Reinforcment learning Flashcards

Question 1

Q

What does the agent do at each timestep t?

Answer

A

Take action a_t
Recieve observation o_t
Recieve reward r_t

Question 2

Q

What does the environment do at each timestep t?

Answer

A

Recieve action a_t
Emit observaton o_t
Emit reward r_t

Question 3

Q

What is the environment state?

Answer

A

The environment state is the internal representation of the environment and usually not vissible to the agent

Question 4

Q

What is the agent state?

Answer

A

The agent state is the agents internal representation, the information the agent uses to make decissions

Question 5

Q

What is a fully observable environment?

Answer

A

Agent state = Environment state = Information state.
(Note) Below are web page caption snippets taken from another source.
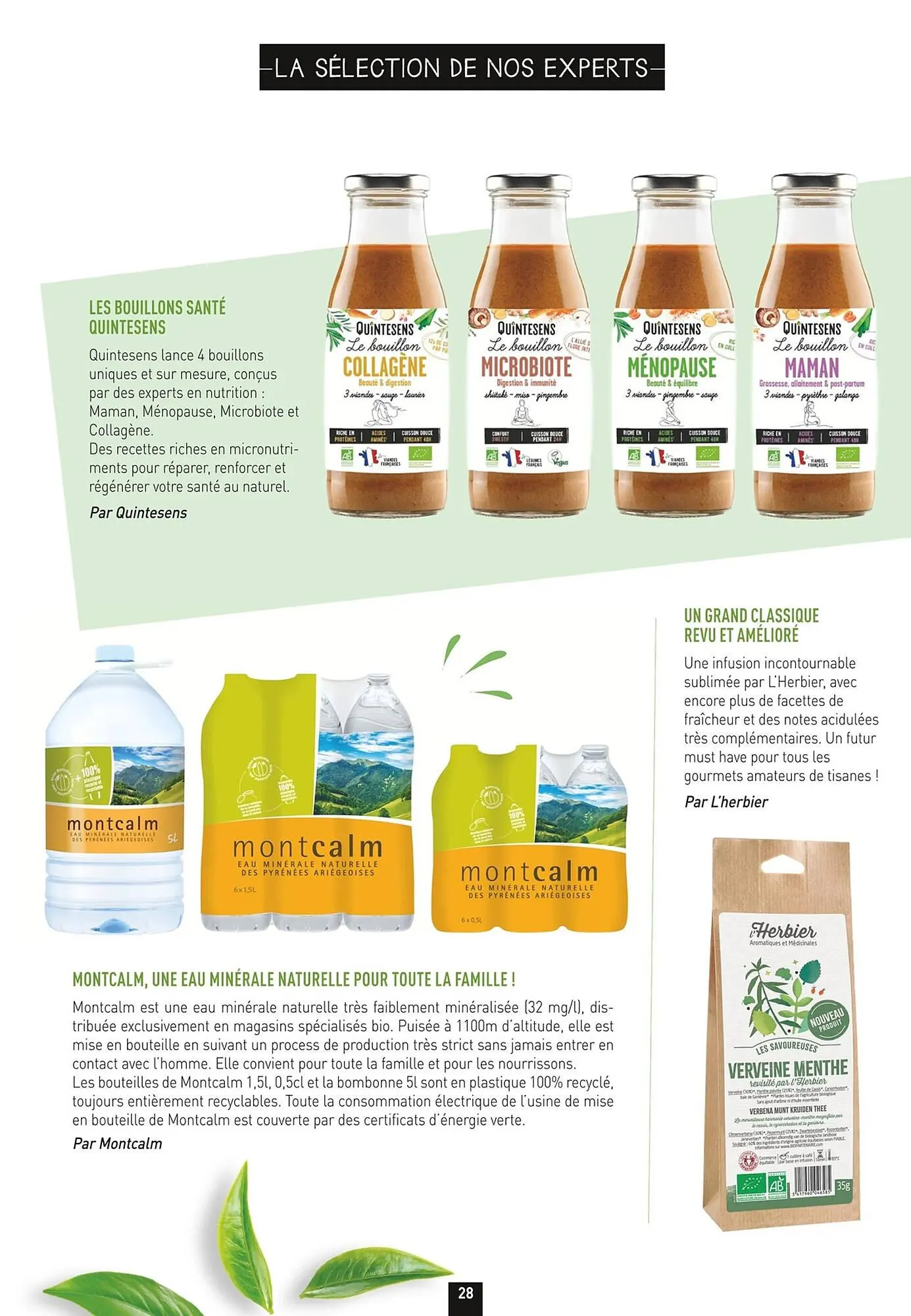 Catalogue naturéO du 18 septembre au 21 décembre 2025 - Catalogue page 28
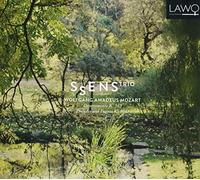 Ssens Trio - Mozart: Divertimento K. 563 / Preludes And Fugues K. 404a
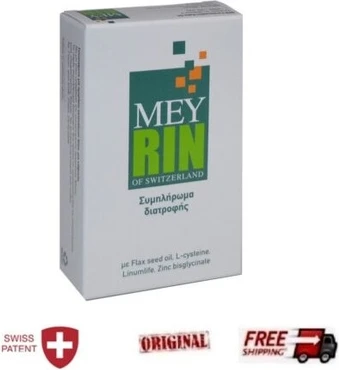Капсулы Mey Meyrin для борьбы с выпадением и истончением волос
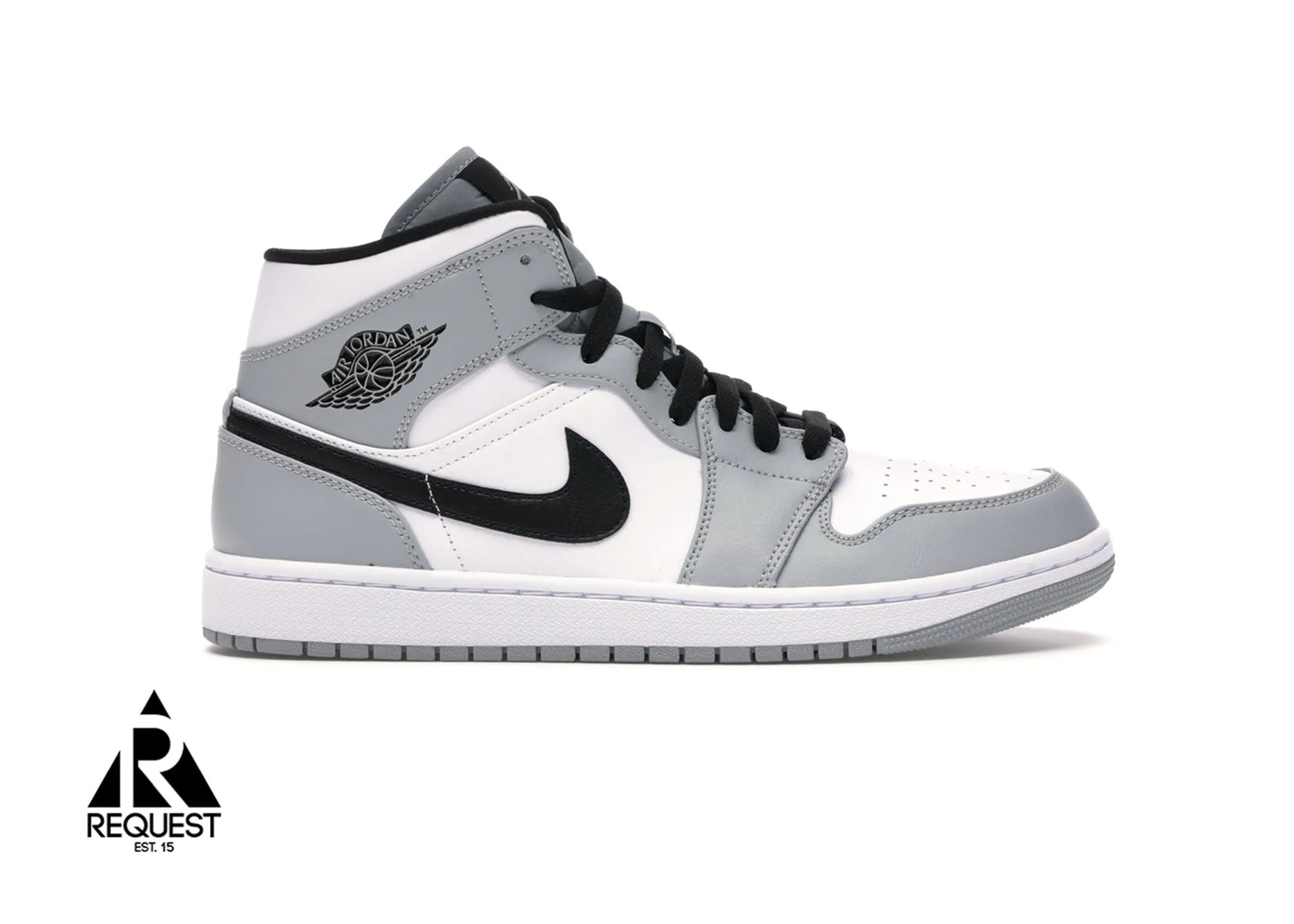 Air Jordan 1 Mid “Light Smoke Grey”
This is a MDP.

Question 6

Q

What is the markov assumption?

Answer

A

s_t and a_t are independent of former states and actions.

Question 7

Q

What is the goal of reinforcment learning?

Answer

A

Find a policy that maximises the sum of rewards.

Question 8

Q

What is the value function in reinforcment learning?

Answer

A

The predicted expected reward of all future actions.

Question 9

Q

What is the idea behind DQN (Deep Q learning)

Answer

A

Use a neural network to estimate the Q(s,a) function

Question 10

Q

What are some tricks for training the network in DQN?

Answer

A

1) Experience replay, store old action/state/reward tuples and sample from them for training
2) Periodic updates.
3) Clip rewards.

Question 11

Q

What are some challenges of DQN?

Answer

A

1) Non- idd. data
2) Rapid policy changes
3) Unknown reward range

Question 12

Q

What are two applications of reinforcment learning to imaging?

Answer

A

Anatomical landmark detection

Standard plane detection

Question 13

Q

What is a multi scale agent?

Answer

A

A agent that can choose to change the resolution